Ecopla: le recours des ex-salariés rejeté en appel

GRENOBLE, 20 octobre 2016 (AFP) – La cour d’appel de Grenoble a rejeté jeudi le recours d’anciens salariés d’Ecopla, regroupés au sein d’une structure coopérative (Scop), qui contestaient le refus de leur offre de reprise de leur entreprise liquidée fin mars.

« La cour a étudié votre dossier au fond et a déclaré votre recours irrecevable. L’association (Association des amis d’Ecopla, ndlr) n’a aucun droit à faire valoir, bien que vous soyez d’anciens salariés », a déclaré la présidente de la cour devant la dizaine d’ex-salariés présents.

« Le moment opportun pour faire appel était le celui de la liquidation. La décision aurait été autre si le ministère public avait évoqué le cas au premier degré » (en première instance), a poursuivi la présidente, s’adressant directement à eux.

À l’audience, début octobre, le ministère public avait requis l’irrecevabilité de ce recours des anciens salariés.

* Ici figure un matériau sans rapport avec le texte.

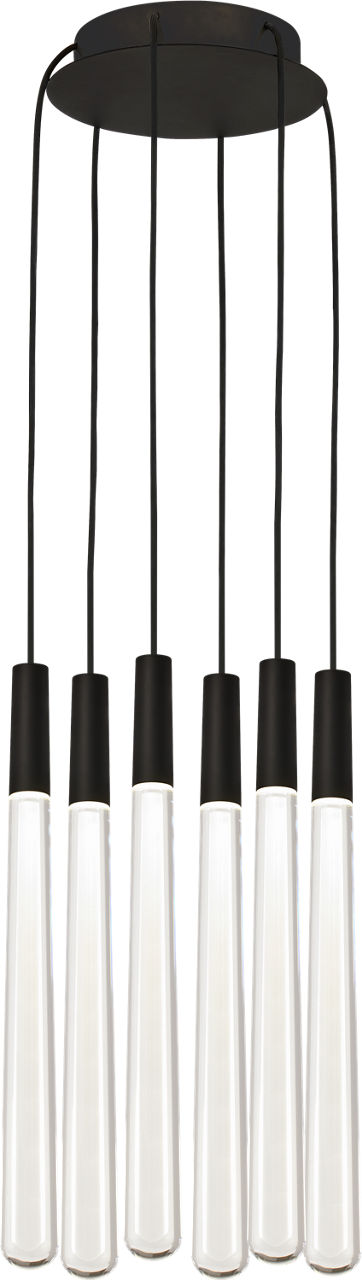 Pylon Crystal 6 Light Chandelier 6 Light Nightshade Black 3000K 90 CRI integrated led 90 cri 3000k 120v-277v unv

« Il a manqué des lois et une jurisprudence qui soient différentes. Il a manqué aussi l’intervention du procureur, qui avait les qualités pour faire appel », a réagi Me Pierre-Yves Cerato, l’avocat des ex-salariés d’Ecopla, en regrettant une décision « décevante ».

Les ex-salariés ont d’ores et déjà annoncé avoir formulé une procédure de « tierce opposition » auprès du tribunal de commerce, qui devra, comme la cour d’appel de Grenoble, trancher sur leur statut. L’audience aura lieu le 3 novembre.

« Tout le monde s’accorde pour dire que notre projet est bien ficelé, mais voilà le résultat. Tous ces mois pour s’entendre dire que l’État n’a pas fait son travail, c’est du gâchis. C’est une honte », a déploré Karine Salaün, ex-assistante commerciale de l’entreprise.

« Ils auraient pu sauver Ecopla. Le ministère des Finances, de l’Economie, le procureur… C’est un gâchis humain, industriel, et d’un savoir-faire français. Il y a de la colère car il y a une certaine forme d’injustice. Des salariés sont lésés, pas les créanciers. Il faut qu’on nous rende des comptes et qu’on nous aide à retrouver nos emplois », a martelé Christophe Chevalier, ancien salarié et délégué syndical CGT.

Les anciens salariés ont lancé un appel à Michel Sapin, qu’ils souhaitent rencontrer à Bercy « pour qu’il nous explique pourquoi il n’a pas fait son boulot. (Son prédécesseur au ministère de l’Economie) Emmanuel Macron, lui, nous as tués », a souligné Christophe Chevalier.

Dans un communiqué, Michel Sapin et ses secrétaires d’Etat Martine Pinville (Economie sociale et solidaire) et Christophe Sirugue (Industrie) ont tenu à rappeler « qu’en dépit de cet arrêt, le redémarrage d’activité reste possible ».

« Dans cet esprit, [nos] cabinets respectifs demeurent à l’entière disposition des ex-salariés pour les aider à bâtir un projet viable », ont-ils assuré.

Confronté à des problèmes de trésorerie, Ecopla, seul fabricant français de barquettes en aluminium, a été liquidé fin mars après seulement trois semaines de redressement judiciaire. Ses 77 salariés ont été licenciés dans la foulée.

Un tiers d’entre eux a monté un projet de société coopérative et participative (Scop) pour reprendre cette PME basée à Saint-Vincent-de-Mercuze (Isère), anciennement filiale du groupe Péchiney.

Mais leur offre de reprise n’a pas été retenue par le tribunal de commerce de Grenoble, qui a préféré le 16 juin celle de l’Italien Cuki Cofresco, concurrent d’Ecopla.

Celui-ci proposait 1,55 million d’euros pour les presses et les moules, permettant ainsi de rembourser une partie de la créance auprès du régime de garantie des salaires (AGS), quand les salariés ne proposaient que 100.000 euros.

Le projet de Scop prévoyait la reprise de 25 salariés dans l’immédiat, puis de 50 emplois d’ici à trois ans. Les salariés ont levé environ 2,5 millions d’euros pour le financer et reçu le soutien de nombreux élus locaux ou nationaux.